Volvía el padre de Nico con la billetera en una mano y el diario mal doblado en la otra.

— Pa, pa, ya se cuál quiero. El Conogol, ¡es el más rico del mundo!
— Bueno esta bien. Déme un Conogol, dijo al heladero con un tono que denotaba fastidio.
— Sí señor, son ochocientos australes.
— ¿Qué? ¿por un helado? ¿Vos estas loco flaco? Nico, elegite otro.
— Pero pa, vos me dijiste que podía elegir. Me comí todos los ravioles hoy, quiero ese.
— Nico no me voy a gastar ochocientos australes en un helado, después me vas a venir a pedir para las maquinitas también.
— Pero papi, dale, vos me dijiste. Insistía Nico, agarrándose de la malla del papá, y sacando a relucir su mejor cara de niño huérfano.

El padre, ya fastidiado con la situación, agarra el cartel con los helados, lo mira al heladero y le pide:

— A ver flaco, dame este de acá abajo.
— ¿El de agua? ¿de limón?
— No, el de arriba, el de chocolate.
— Pero pa, vos me dijiste, se escuchaba a Nico por lo bajo, ya con tono de resignación, mirando la arena, sabiendo que la batalla estaba perdida.

El heladero bajó la caja, la apoyó en la arena y abrió la tapa. Por entre el humo del hielo seco se veían todos los colores de los envases. Empezó a revolver dentro de la caja. Después de unos segundos de tensión, se volteó hacia arriba, mirando al papá de Nico.

— Sabe que de ese no me quedó. Tengo este, el cola de tigre, que esta ciento cincuenta. Es de vainilla y chocolate.
— Papi, yo quiero uno todo de chocolate, no de vainilla, intercedió Nico en la conversación.
— Mira Nico, es el único que tiene chocolate, los otros son de crema, o frutilla, y ya te dije, el Conogol, no.

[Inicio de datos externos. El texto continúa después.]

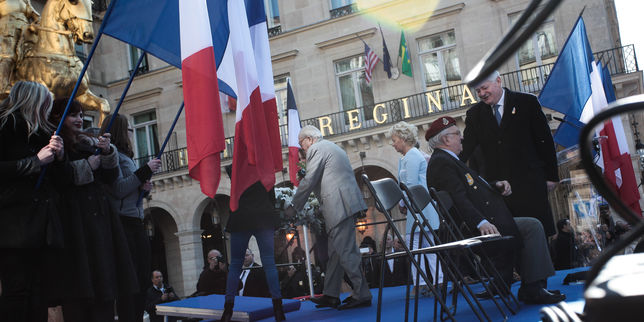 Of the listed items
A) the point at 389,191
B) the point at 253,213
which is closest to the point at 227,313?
the point at 253,213

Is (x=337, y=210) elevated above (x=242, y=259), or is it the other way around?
(x=337, y=210)

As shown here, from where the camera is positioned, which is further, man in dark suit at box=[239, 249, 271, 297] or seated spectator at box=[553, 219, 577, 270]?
seated spectator at box=[553, 219, 577, 270]

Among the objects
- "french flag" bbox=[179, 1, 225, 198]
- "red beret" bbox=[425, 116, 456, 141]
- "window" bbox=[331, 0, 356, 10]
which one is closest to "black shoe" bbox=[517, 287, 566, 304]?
"red beret" bbox=[425, 116, 456, 141]

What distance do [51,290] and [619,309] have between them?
8.67ft

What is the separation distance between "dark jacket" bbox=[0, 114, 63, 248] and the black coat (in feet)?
10.1

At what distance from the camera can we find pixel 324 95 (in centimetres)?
2028

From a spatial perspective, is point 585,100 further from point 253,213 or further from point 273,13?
point 273,13

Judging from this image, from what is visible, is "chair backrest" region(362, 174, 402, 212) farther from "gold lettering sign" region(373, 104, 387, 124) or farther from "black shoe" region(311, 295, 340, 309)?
"gold lettering sign" region(373, 104, 387, 124)

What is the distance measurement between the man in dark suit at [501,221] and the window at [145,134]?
68.5ft

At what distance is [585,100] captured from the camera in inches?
294

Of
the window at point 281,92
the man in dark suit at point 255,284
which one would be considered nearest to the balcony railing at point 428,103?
the window at point 281,92

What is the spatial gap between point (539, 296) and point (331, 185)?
6.47ft

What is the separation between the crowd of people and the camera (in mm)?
2717

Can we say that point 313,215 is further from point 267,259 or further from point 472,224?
point 472,224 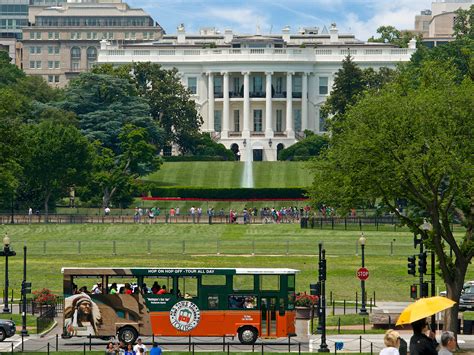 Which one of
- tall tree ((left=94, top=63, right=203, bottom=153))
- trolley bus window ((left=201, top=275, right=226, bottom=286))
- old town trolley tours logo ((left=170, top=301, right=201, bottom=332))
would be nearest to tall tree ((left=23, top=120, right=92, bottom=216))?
tall tree ((left=94, top=63, right=203, bottom=153))

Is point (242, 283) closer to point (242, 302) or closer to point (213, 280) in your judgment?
point (242, 302)

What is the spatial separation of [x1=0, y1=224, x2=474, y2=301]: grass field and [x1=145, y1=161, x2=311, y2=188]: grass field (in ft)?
113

Dijo su papá cansado del espectáculo que estaban dando a las carpas vecinas. - Dame ese flaco.
— Aca tiene, son ciento cincuenta
— Sí, ya se. Igual es carísimo por un helado hermano, murmuraba el padre de Nico mientras sacaba la plata de la billetera.

Nico, agarró el helado con dos deditos de la punta del envoltorio, para no aplastarlo. El padre le dio doscientos al heladero, que los puso rápidamente entre sus dedos con el resto de los billetes. Sacó los cincuenta de vuelto, cerró la heladera, la subió al hombro, y se dio vuelta al grito de:

— ¡Palito, bombón, helado!

Nico veía al heladero alejarse hacia la costa, con su caja de colores a cuestas. Se quedó mirando el helado un momento antes de abrirlo. Contento, pero con la desilusión de un Conogol que ni llegó a ver en la foto.

De repente le tocan el hombro, se da vuelta y un chico de unos doce años le pregunta:

— ¿Ya elegiste? Sino, ¿me dejas agarrar uno de ahí?
— Pasa tranquilo, dijo Nicolás haciéndose a un costado.

El chico abrió la heladera y agarró un helado de crema de chocolate. No estaba el cartel celeste con todas las fotos, pero se notaba que ese de chocolate, seguía siendo el segundo empezando de abajo, justo arriba del Torpedo.

Nicolás se quedó un momento más mirando los helados. Desde aquellos años en La Feliz habían aparecido y desaparecido montones de helados, pero había uno que seguía ahí, firme en la cúspide de la pirámide heladeril. Abrió la heladera, manoteó dos Conogol y se fue caminando a la caja, palpitando un desayuno de campeones.